他走到防波堤尽头看了一圈,又沿着原路走回去了。杨成龙站在钢管堆旁边,看着副舰长正在刷第二遍漆,动作比第一遍熟练了一些。
他没有说话,也没有走近,把刷子从一个桶挪到另一个桶的时候,手背上沾了一点漆,低头看了一眼,没有去擦,等收工后才用水冲掉。
港口食堂的窗口后面,厨师正在准备晚饭,水汽正沿着锅盖边缘溢出来,在空气中凝成短暂的白雾。
厨师把锅盖掀开一道缝,又合上了,没有急着翻动锅里的菜。
工棚方向有几个人正在向食堂靠近,脚步声在沙地上没有太大回响。晚风正在向港口内侧吹去,把钢管堆边缘刚刚涂上的防锈漆表面吹干了一层。
杨成龙收工时在钢管堆旁边蹲了一会儿,查看了一下刷漆的均匀度,没有添加任何评价,站起来沿着来时的方向走回了食堂方向。
夜间的海风继续吹着,钢管上的第二层漆正在干燥的过程中慢慢变成哑光。
副舰长和其他船员已经回到了工棚区,工棚外的灯还亮着,透出黄白色的光,照在门口的地面上,延伸出一条窄长的亮区,一直延伸到外面那段还没有铺完的煤渣路面边缘。
钢管堆在灯光边缘投下一片斜长的暗影,几根钢管的表面微微反光,像是刚从水里捞出来,还没有完全干透。
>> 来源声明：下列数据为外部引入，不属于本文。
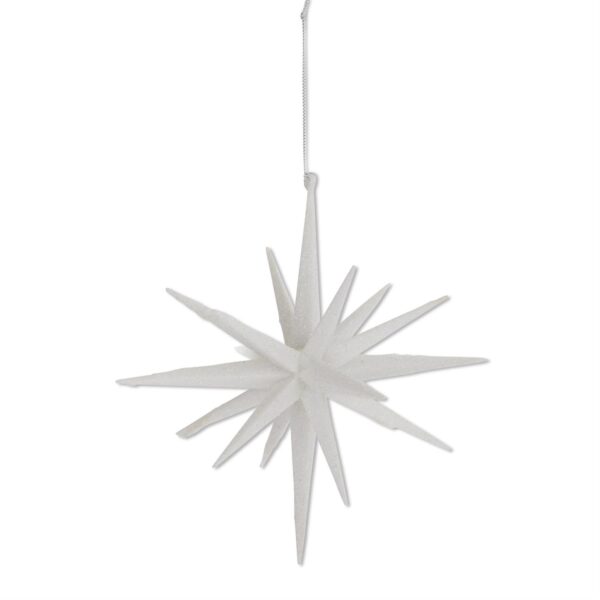 8" WHITE GLITTER 18 POINT STAR ORNAMENT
工棚里的灯在持续亮了一段时间后,有人从里面拉灭了开关,灯光瞬间收窄,在门口地面上留下一段逐渐暗淡的余晖,然后完全熄灭了。
钢管堆的影子在黑暗中失去了具体的轮廓,只剩下一个大致的方向,在码头边缘的地面上停留着,没有移动,也没有被风吹散。
大国的最后通牒是以加密通讯的形式发到东非国外交部的。
措辞比上一次更短,语气也比上一次更强硬——限时交出船只和船员,否则将采取“必要措施”。
末尾没有署名,也没有抬头,像一扇被用力带上的门。
叶柔在办公室里读完那封通讯,没有回复,把它打印出来折好放回信封里。
叶眉站在窗边,听到门合上的声音,没有回头:“他们这次不是吓唬。”
叶柔把信封放进抽屉:“我知道。所以该说清楚了。”
当天下午,港口堆场边搭起了一个简易讲台,几块木板拼成,用钢管支撑着,表面铺了一层深绿色的绒布。
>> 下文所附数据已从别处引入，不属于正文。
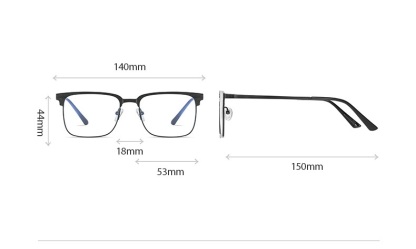 Greg-Square browline fullrim polarized magnetic prescription glasses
没有麦克风,也没有音响设备,但港口工地的工人们停下手中的活,码头边堆场上的人也停下了脚步,聚拢过来,站满了堆场,还有一些人站在吊臂下方,仰着头朝讲台方向望去。
叶柔走上讲台,穿着一件深色的长裙,头发盘起来,没有拿稿子。
叶眉站在她旁边,穿着一件颜色相近的裙子,手里也没有拿文件。叶柔扫了一圈台下,然后开口说:
“有一艘船,他们派来威胁我们的港口。它现在还在港口外海,没有走。他们说要采取必要措施,但措施还没来。他们只是希望我们自己先害怕。”
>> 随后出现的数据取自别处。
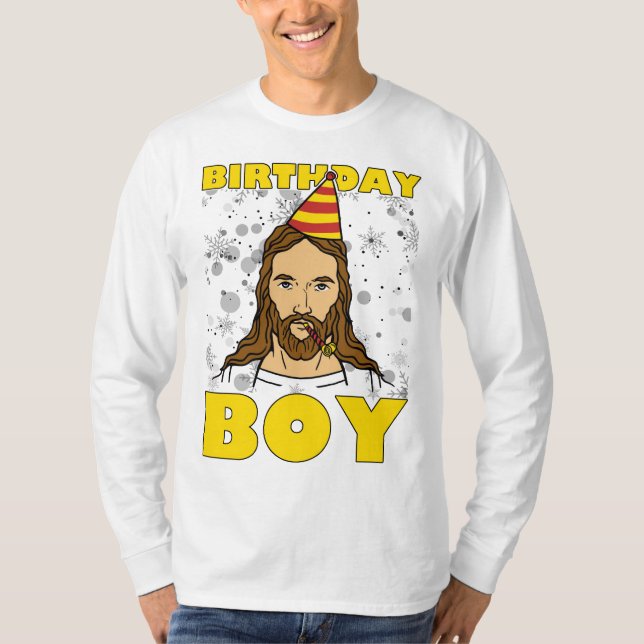 Camiseta Cumpleaños de Jesús del muchacho del cumpleaños (Anverso)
她停了一下,“害怕不会让船离开。害怕不会让港口更安全。”
叶眉接话,声音比叶柔低一些:“我们见过他们的船,也登过他们的船。那艘船现在还在,但它已经不是他们的船了。他们的水兵正在帮我们修港口。”
台下有人笑了一声,又收住了。
叶眉没有笑:“我们不会先动手。但如果他们动手,我们的回应会是他们无法承受的。不是因为我们比他们强,是因为我们在这里没有退路。我们没有退路,所以不会退。”
叶柔等叶眉说完,又接了一句:“港口会继续施工。船会继续靠港。如果有人来,我们会让他们知道,这片海岸线不是他们想进就能进的。”
她说完,没有等掌声,转身走下讲台。人群在沉默片刻之后自动散开,工人重新拿起工具,吊臂重新开始转动,港口恢复运转。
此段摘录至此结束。